> Work required
Repeat the material exactly from its first line to the line that includes "Swtlatintoes aka swtlatintoes". Skip pictures.

> Records provided
===============
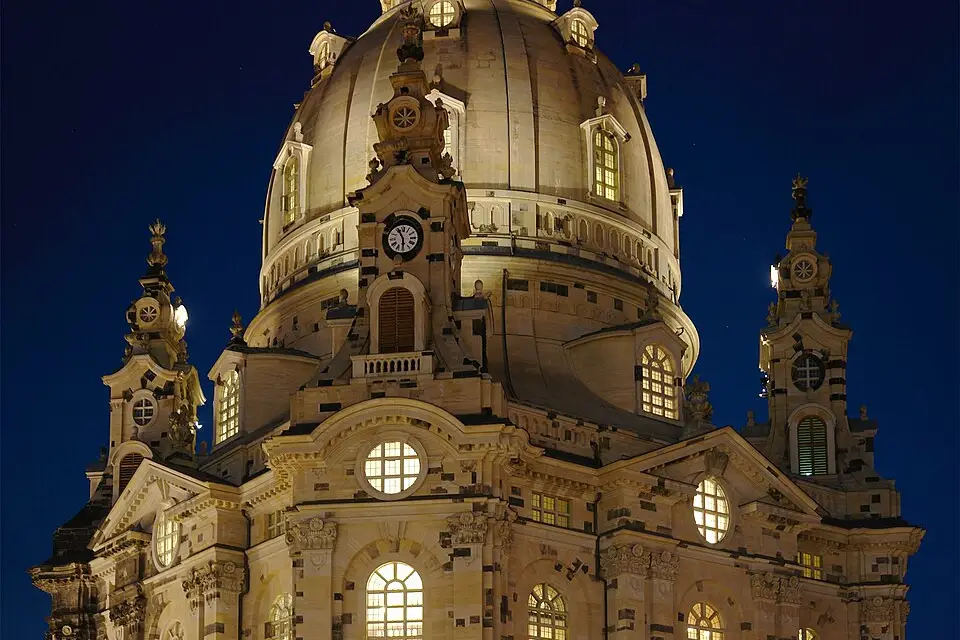 Stimmungsvolle Reiseansicht aus Dresden für Weihnachtsreise Dresden mit dem Bus – Route & Leistungen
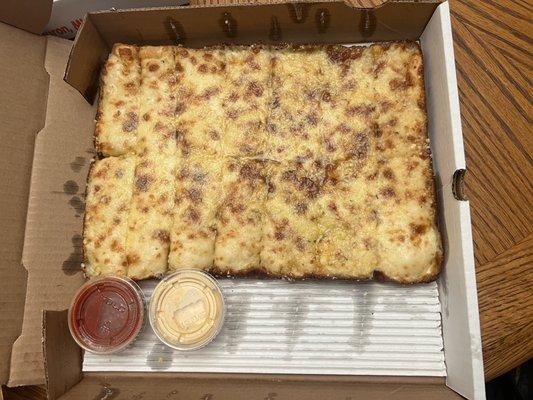 Cheese Bread with Sauce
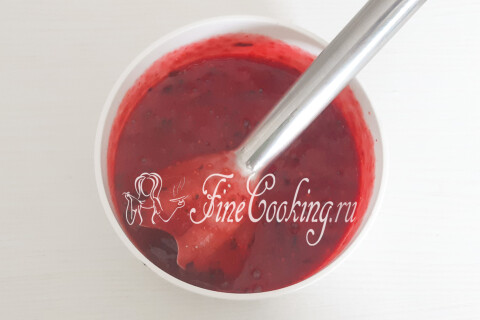 Домашний шоколадный торт со сливочным кремом и ягодами. Шаг 14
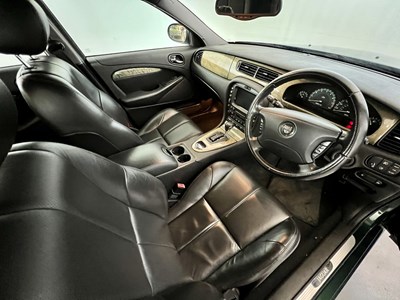 Lot 107 - 2004 Jaguar S-Type SE Sport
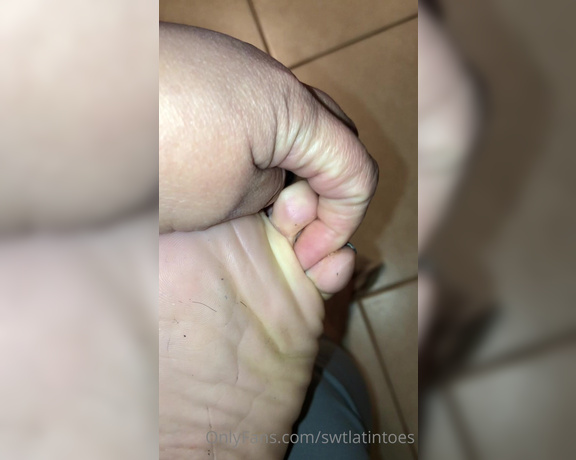 Swtlatintoes aka swtlatintoes - 11-30-2021 OnlyFans Video - Stinky is an understatement_5qi3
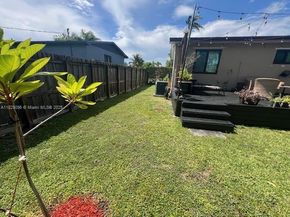 10035 Pan American Dr, Cutler Bay FL 33189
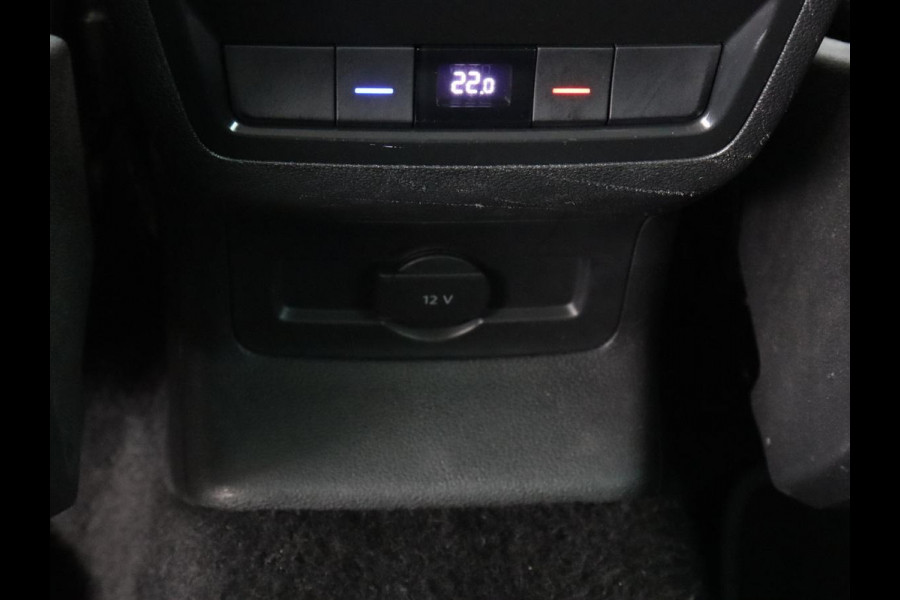 Škoda Kodiaq 1.5 TSI Business Edition | Panoramadak | Stoelverwarming | Adaptive cruise | Trekhaak | Virtual Cockpit | Canton Sound | Keyless | Camera | Navigatie | Carplay | 19'' lichtmetalen velgen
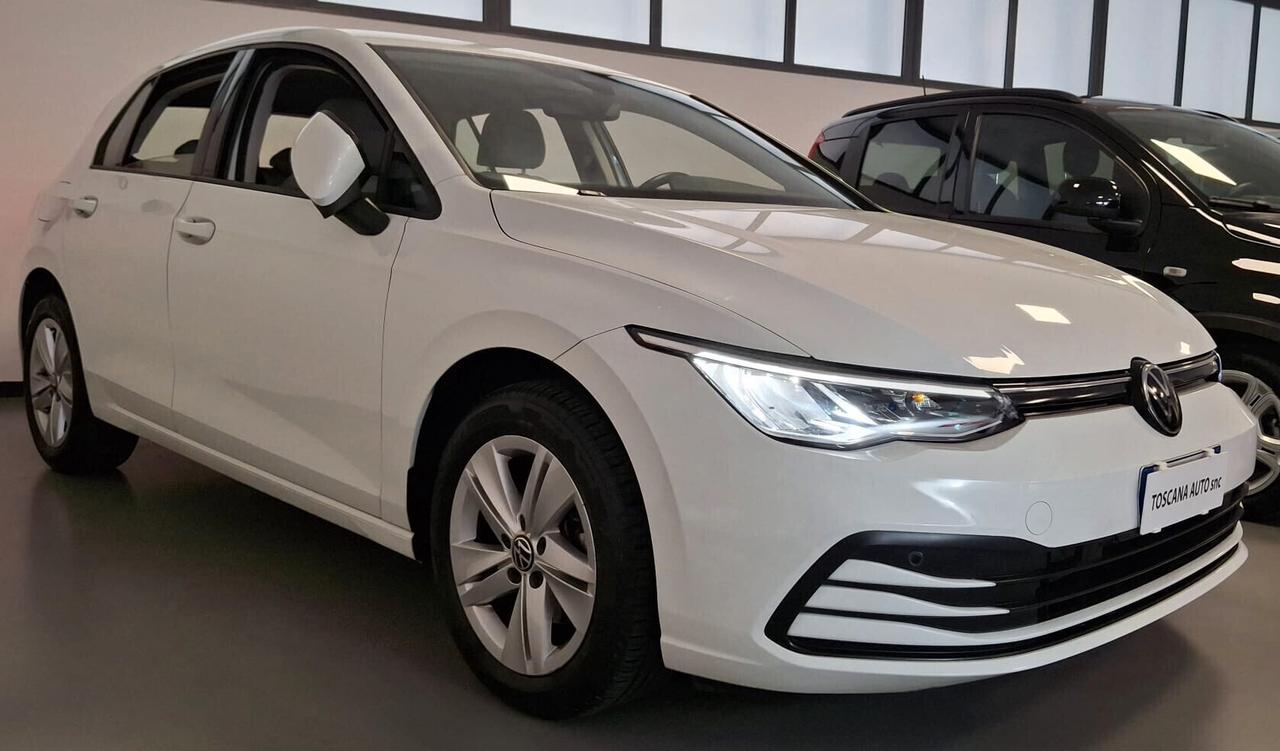 Volkswagen Golf 1.5 eTSI DSG virtual cockpit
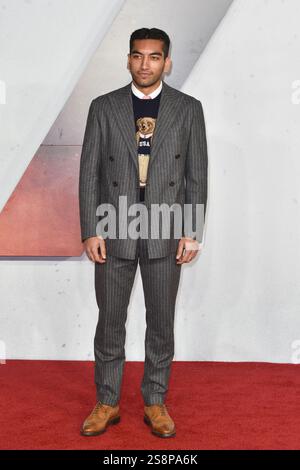 Nabhaan Rizwan assiste à la première mondiale de 1917 et à la performance du film royal à Leicester Square, Londres, Angleterre. 4 décembre 2019 Banque D'Images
===============
> Solved exercise
 Stimmungsvolle Reiseansicht aus Dresden für Weihnachtsreise Dresden mit dem Bus – Route & Leistungen
 Cheese Bread with Sauce
 Домашний шоколадный торт со сливочным кремом и ягодами. Шаг 14
 Lot 107 - 2004 Jaguar S-Type SE Sport
 Swtlatintoes aka swtlatintoes - 11-30-2021 OnlyFans Video - Stinky is an understatement_5qi3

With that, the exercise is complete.